The volume fraction of the nanoprecipitates (≤10 nm) can be calculated as:

$$ {\text{vol}}\;{\text{fraction}}_{\text{ppt}} = \frac{{{\text{wt}}\,{\text{fraction}}_{\text{ppt}} \times \rho_{\text{Fe}} }}{{\rho_{\text{ppt}} }} $$
(6)

where vol fractionppt is the volume fraction of the nanoprecipitates in one unit volume of steel, ρ Fe is the density of Fe (~7.87 g/cm3),[18] ρ ppt is the density of nanoprecipitates, and wt fractionppt is the weight fraction of the nanoprecipitates.

From the preceding TEM precipitate characterization, the nanoprecipitate diameter with the largest number distribution is listed in Table VIII (obtained from Figure 8). Assuming all the nanoprecipitates (≤10 nm) are spherical with radius r, the volume of a single precipitate can be expressed as

$$ {{Vol}}_{single} = \frac{{4\pi r^{3} }}{3} $$
(7)

The number density of the nanoprecipitates in one unit volume of steel can be calculated based on the total volume of the nanoprecipitates and the volume of a single precipitate, which can be expressed as:

$$ \# \,{{density}} = \frac{Vol_{ppt}}{Vol_{single}} $$
(8)

where Vol ppt is the total volume of nanoprecipitates in 1 μm3 of steel, Vol single is the volume of a single nanoprecipitate, and r is the radius of nanoprecipitate (≤10 nm) with the largest number distribution determined by DF imaging.
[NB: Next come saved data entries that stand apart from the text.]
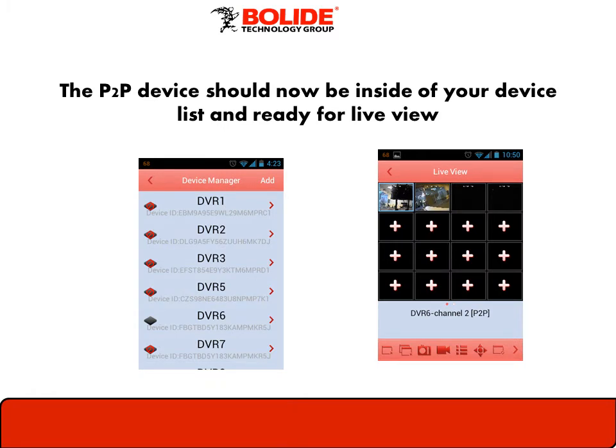Now back at the Device Manager, you see the DVR as the Device ID. Select the Add button at the top right hand corner and add it to your devices. Now back to the main screen, select Live View, and your cameras are ready to view.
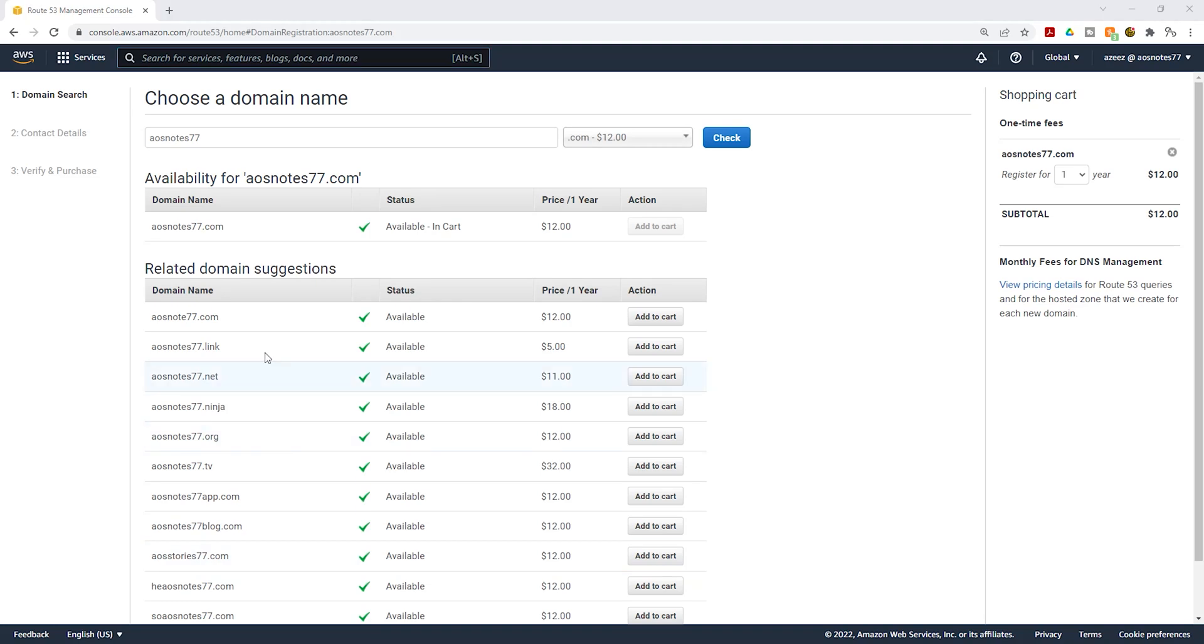There you go. The domain name I am trying to register is available and AWS has also added to my shopping cart. It will cost $12 to register for this domain name.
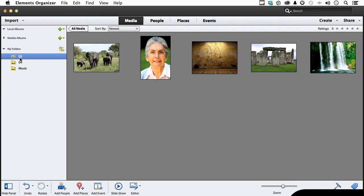Albums give you more organization. And as you work more and more with Elements Organizer, you're going to have more stuff. And it gives you a very nice temporary way to work with individual things across multiple folders. That's what they're there for.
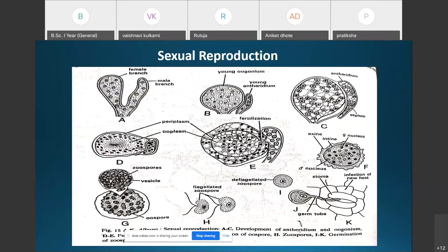The fertilization tube bursts, releasing all the male nuclei into the ooplasm. The male nucleus fuses with the female nucleus (egg), forming a diploid structure called the oospore. The oospore is well protected by two layers: the outer thick layer called the exine and the inner thin layer called the intine.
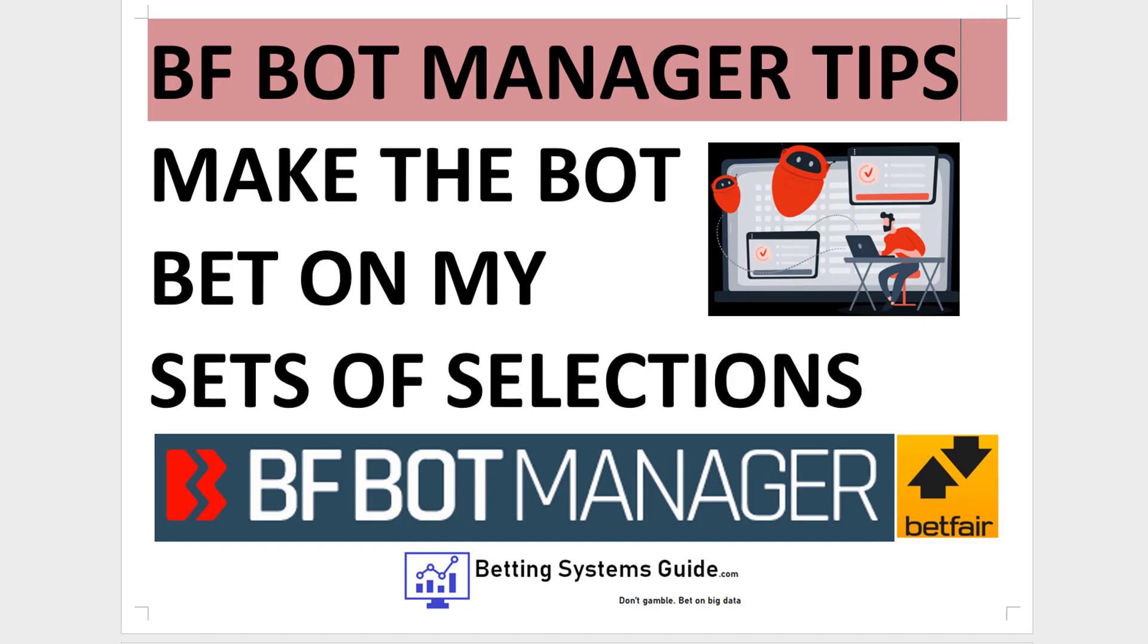Or if you have a bot set up to do specific actions in play, for example, hedge out if you can make a certain amount of profit and you don't want to sit in front of your computer doing that each time, you can just select which matches you want it to do that for and send those selections to one particular bot.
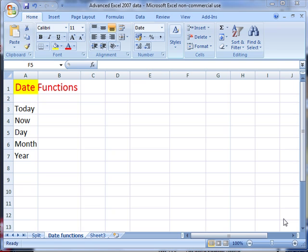There are some very useful date functions that we can use in Excel 2007, and that's what we're going to have a look at now.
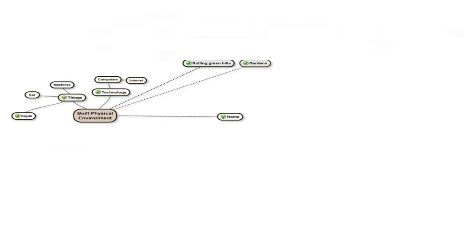Nested again within the natural physical environment is the built physical environment. And here are the things important to me. I'm sure many of you will emphasize other things, like cities and shops, neither of which I want to interact with any more than I have to.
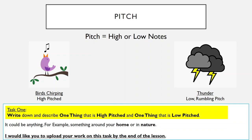So task one: I'd like you to write down and describe one thing that is high pitched and one thing that is low pitched. This could be anything — for example, something around your home or in nature. The reason I'm asking you to describe it is because you might choose something that has a variety of pitches. For example, a piano can have both a low pitch and a high pitch, so describing it helps me understand whether you understand the terminology of pitch.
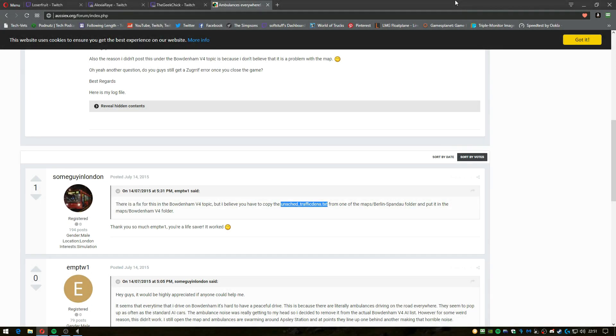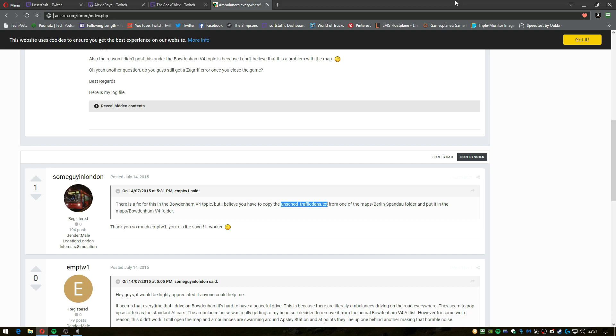Alright, so this is going to be a really quick video. I'm basically going to show you how to fix the issue a lot of us have in Burdenham 4 when we install it. The map, almost like map 2, where if you get in or you hear ambulances, there's an infinite amount it seems. Well, there's an easy fix for it, and hopefully this video will help you.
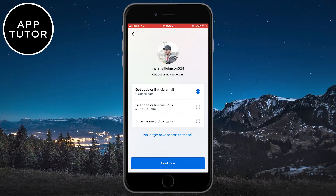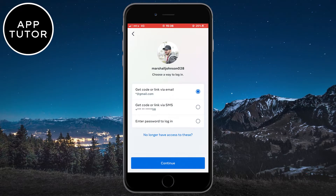Choose any of these and they will send you a link or code with further instructions to reset your password. But if you don't have the phone number or email associated with this account, it can be a really difficult and long process to recover your Instagram account. You'll need to send photos of yourself to Instagram, photos of your ID card, and a lot more.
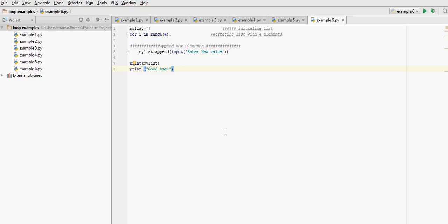And this is the last video of this week. In this example, I'm going to show you how to create an empty list and then ask the user at each iteration of a loop to enter a new value.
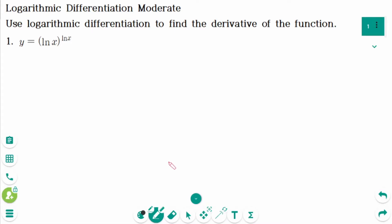This video will cover moderate questions regarding the topic of logarithmic differentiation. Question 1. Take natural logarithms of both sides.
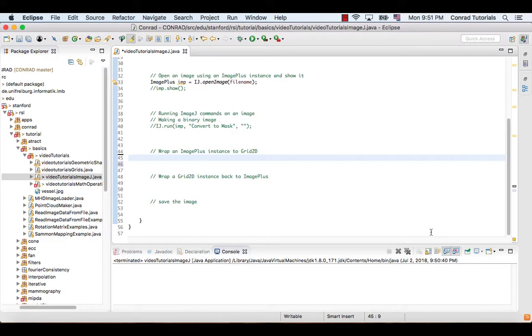In order to do that, we need to call the static function wrapImagePlus in the class ImageUtil.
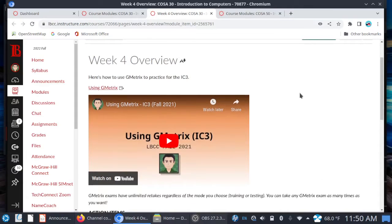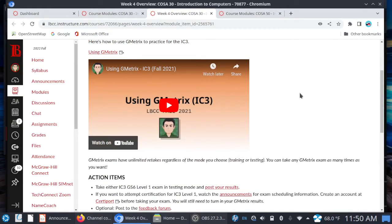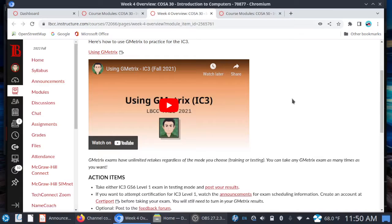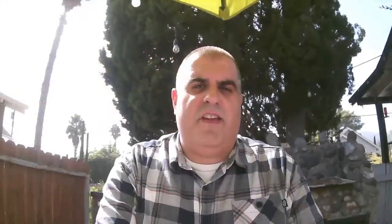I've included a video on what G Metrics is and how to use it. If you take a look at the homepage of our class site, you will see the access code you need to redeem for G Metrics. Once you've watched the video on how to use it, I recommend taking any of your IC3 level one exams in training mode.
The weight fraction, volume fraction, and number density of the nanoprecipitates (≤10 nm) for different steels, extracted by HCl dissolution, are shown in Table VIII. No nanoprecipitates were observed in the X100 steels. The volume fraction and number densities are summarized in Figure 12; both exhibit the same trend. Grade100 has the highest amount of nanoprecipitates, whereas X80-A4F has the lowest amount. The Grade100, X70, and X80 steels all had similar processing histories, so processing is not responsible directly for the differences. The amount of nanoprecipitates may be related to the amount of Nb because Nb is the main component in the nanoprecipitates. The lack of nanoprecipitates for X100 steels is caused by the low ICT temperature, which will be discussed in the next section.

Fig. 12
figure 12

Volume fraction and number density of nanoprecipitates (≤10 nm) per μm3 in steels (HCl dissolution)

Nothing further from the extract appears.